Projektgruppe: Wie war das Gefühl zu wissen, dass es eine so große Unterstützung gibt?
Mariola Zacheja: Es war schön zu wissen, dass jemand da ist, der Interesse zeigt und gerade als Kind war es toll Geschenke zu erhalten. Noch heute kann ich deswegen bei ähnlichen Aktionen sehr gut mit den Menschen mitfühlen und freue mich das jemand hilft.
Projektgruppe: Können Sie sich an den Inhalt der Pakete erinnern?
Mariola Zacheja: Ja kann ich, es gab pro Haus ein Sack Mehl. Die restlichen Lebensmittel wie Wurst, Käse, Kaffee, Tee und Süßigkeiten wurden durch die Kirche und Schulen verteilt. Es gab auch einzelne Pakete für die Kinder, in denen noch andere Dinge waren.
Projektgruppe: Was war das Schönste, dass Ihnen aus dieser Zeit in Erinnerung geblieben ist?
Mariola Zacheja: Eine Sache ist mir besonders im Gedächtnis geblieben, ein blauer Rock, der mit vielen Äpfeln bedruckt war und natürlich die Süßigkeiten, die wir größtenteils gar nicht kannten.
Projektgruppe: Besitzen sie diesen Rock noch heute?
Mariola Zacheja: Leider nicht. Als wir 1989 Polen verließen, bzw. geflohen sind mussten wir die meisten Dinge zurücklassen und konnten nur das nötigste mitnehmen. Das ist sehr schade, denn dadurch sind viele Erinnerungsstücke wie Fotos verloren gegangen.
Projektgruppe: Haben Sie versucht diese Sachen wieder zu finden?
Mariola Zacheja: Ja, wir sind ein paar Jahre später noch einmal nach Polen zurückgekehrt. Die ganzen Sachen waren aber schon verschwunden.
Projektgruppe: Haben Ihnen diese Dinge sehr geholfen?

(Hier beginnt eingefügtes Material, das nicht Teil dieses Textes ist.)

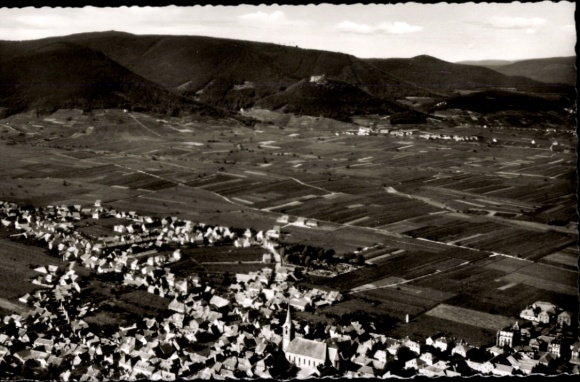 Ak Maikammer an der Weinstraße Pfalz, Landschaftsaufnahme, Hügel, Weinberge, kleine Stadt, Kirche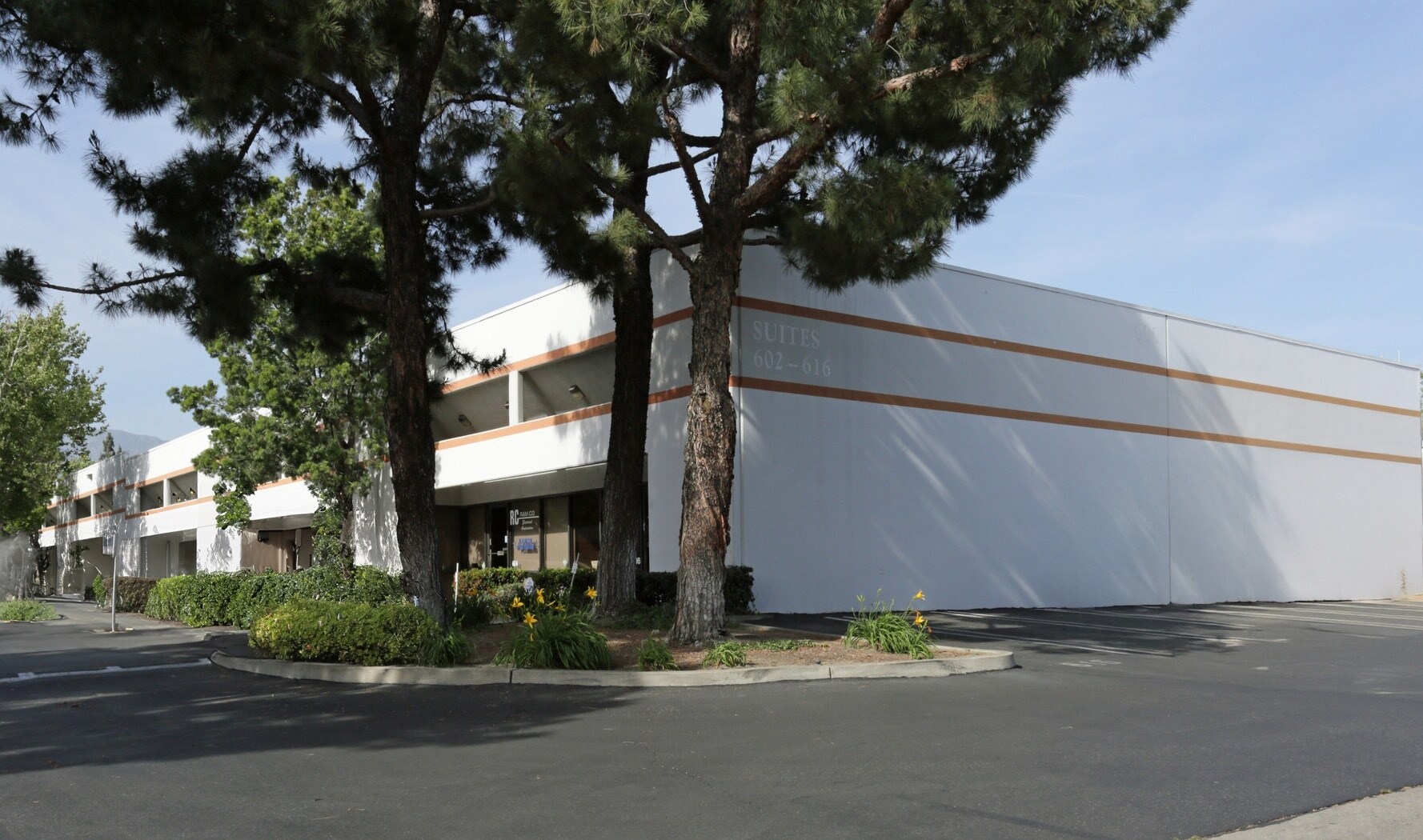 10722 Arrow Route, Rancho Cucamonga, CA à vendre Photo du bâtiment- Image 1 de 3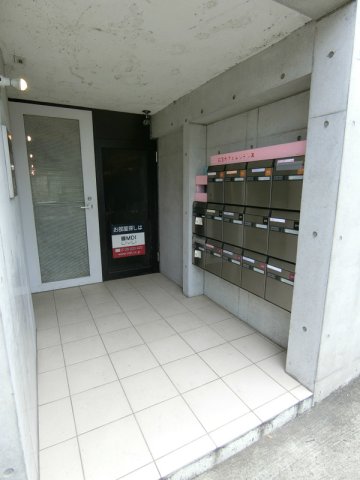 25/30 エントランス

Mariola Zacheja: Definitv, denn zu dieser Zeit gab es bei uns kaum etwas und alles was geschickt wurde war auch wirklich notwendig. Auf die Idee etwas zu entsorgen wäre nie jemand gekommen.
Projektgruppe: Hat diese Zeit Ihr weiteres Leben stark geprägt?
Mariola Zacheja: Ja, noch heute wird bei uns kein Essen weggeworfen. Teilweise habe ich aber das Gefühl, dass es mich zu stark geprägt hat. Denn auf viele Dinge reagiere ich zu emotional. Doch eine weitere wichtige Sache habe ich damals gelernt: Es ist egal was man hat, wir alle sind Menschen. Man muss zusammenhalten und auch manchmal über Dinge hinwegsehen. Auch der Familienzusammenhalt war damals ein ganz anderer, denn wir haben alles geteilt und auch für den anderen zurückgesteckt. Diese Werte versuche ich heute auch meiner Tochter zu vermitteln.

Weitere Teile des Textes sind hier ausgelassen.